How glorious is the affirmation! "Inasmuch then as the children have partaken of flesh and blood, He Himself likewise shared in the same, that through death He might destroy him who had the power of death, that is, the devil" (v 14, NKJV). The devil has always targeted "the children." It started with Adam and Eve, and it continues to this day. We see the work of the "old serpent" in the murder of Abel, the cyclical conduct of Israel, and the sins of great Jewish kings. To this day, he is involved un constant aggression against the saints of the Most High God. How graphically this is depicted for us in the Revelation.

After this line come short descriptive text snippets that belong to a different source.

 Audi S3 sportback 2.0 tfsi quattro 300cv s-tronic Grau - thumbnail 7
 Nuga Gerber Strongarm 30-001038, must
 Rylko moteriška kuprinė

"And when the dragon saw that he was thrown down to the earth, he persecuted the woman who gave birth to the male child. And the two wings of the great eagle were given to the woman, in order that she might fly into the wilderness to her place, where she was nourished for a time and times and half a time, from the presence of the serpent. And the serpent poured water like a river out of his mouth after the woman, so that he might cause her to be swept away with the flood" (Rev 12:13-15). Few professed believers appear to be aware of the ferocity of Satan's attacks against them. For this reason, they do not perceive the remarkable achievements of Christ. He is not their theological epicenter because they are ignorant of the situation in which they find themselves. The role of godly preachers and teachers is to proclaim Divine provision to them.

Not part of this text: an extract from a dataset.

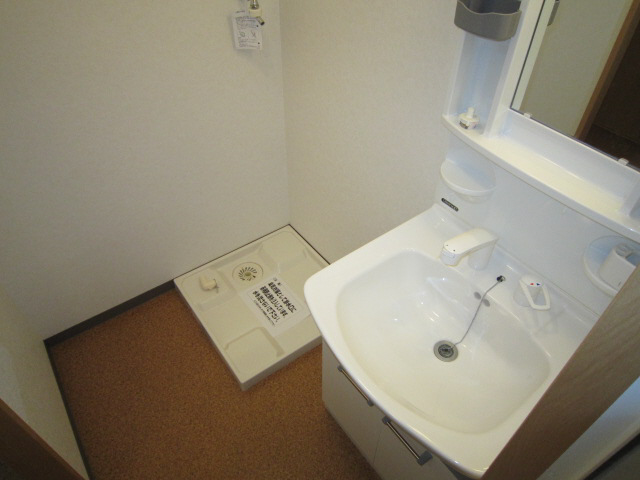 その他写真5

The dreaded reign of death had to be thwarted, and Satan had "the power of death." The devil is said to have the power of death, not because he can kill and destroy men at will, but because he introduced sin, which brought death into the world (Rom 5:12). He was "a murderer from the beginning" (John 8:44), which is how he executes his power. To implement his work of death, he tempts men to sin, and then accuses them of it, frightening them with the prospect of death. In all of this, it is only by divine permission he inflicts death. One has said, "Satan daily urges us to sin." How true! O that men were more aware of his perversive efforts!But Jesus came to frustrate the devil in the entirety of his work. Through death--something within Satan's power--our Savior "destroyed him that had the power of death." Darby's version says "annul him who has the power . . . " The NASB says "render powerless him . . . " The word translated "destroy" is ka- tar-gasa. The word does not bee annihilate, or utterly remove. Etymologically, it means, to be (render) entirely idle (useless), abolish, cease, cumber, deliver, destroy, do away, become (make) of no (none, without) effect, fail, loose, bring (come) to nought, put away (down), vanish away, make void.

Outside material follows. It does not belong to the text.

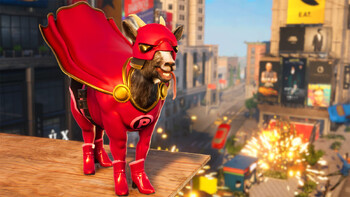 Screenshot9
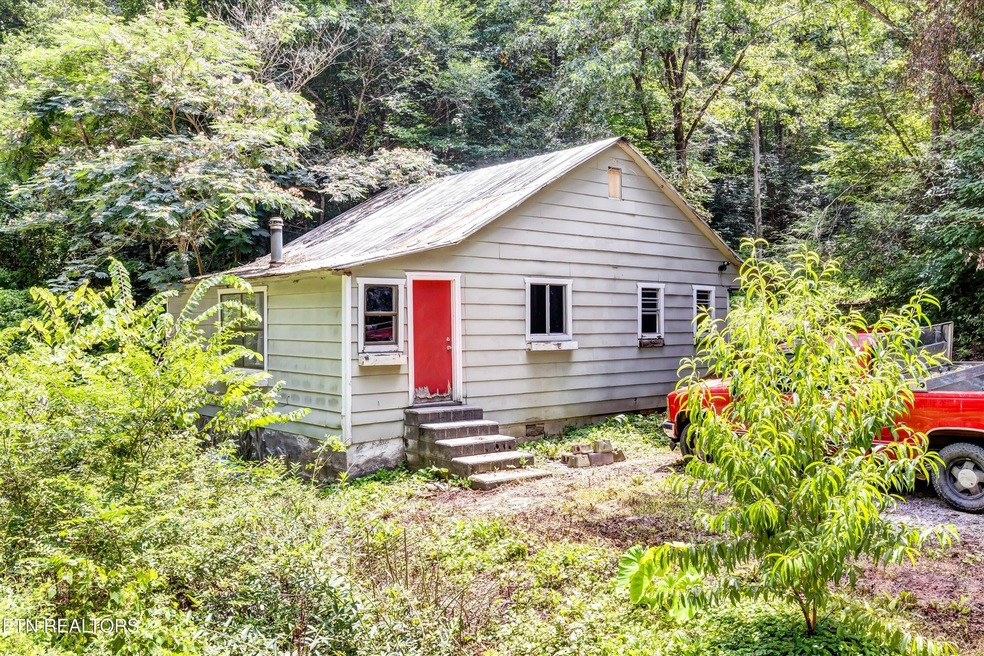 01-4138 Richardson Cove Rd-1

The destruction is a nonphysical one. What is destroyed, in this case, is replaced by something superior; i.e., light destroying darkness. But this is only the language side of the equation. There is more to the destruction of the devil that an etymological view!
In Scripture, words transcend lexical definition. Words like "faith," "love," "Lamb," "glory," and "hope" have been expanded by the Holy Spirit far beyond the confines of the "original language." This does not demean a linguistic approaches, it only emphases they are only introductory, not exhaustive. "Destruction" speaks of the loss of all utility or usefulness. It speaks of the frustration of purpose or intent. "Destruction" is the opposite of "sanctify," which speaks of use. This is a prominent word in the Gospel. The Spirit declares that "the body of sin" has been "destroyed" in order that we might serve sin no longer (Rom 6:6). We are apprized "the Law could not disannul" the promise of blessing God made to Abraham (Gal 3:17). Our Savior, Jesus Christ, has "abolished death," the enemy that stalked the human race (2 Tim 1:10). The "enmity, even the commandments contained in ordinances," has been "abolished"in order to bring Jew and Gentile together in Christ (Eph 2:15). Notice, what was destroyed, in a sense, still remained. "The body of sin" was destroyed, yet we still struggle against it. Death has been destroyed, but we still must die. The "commandments contained in ordinances" have been destroyed, yet you can still read and ponder them.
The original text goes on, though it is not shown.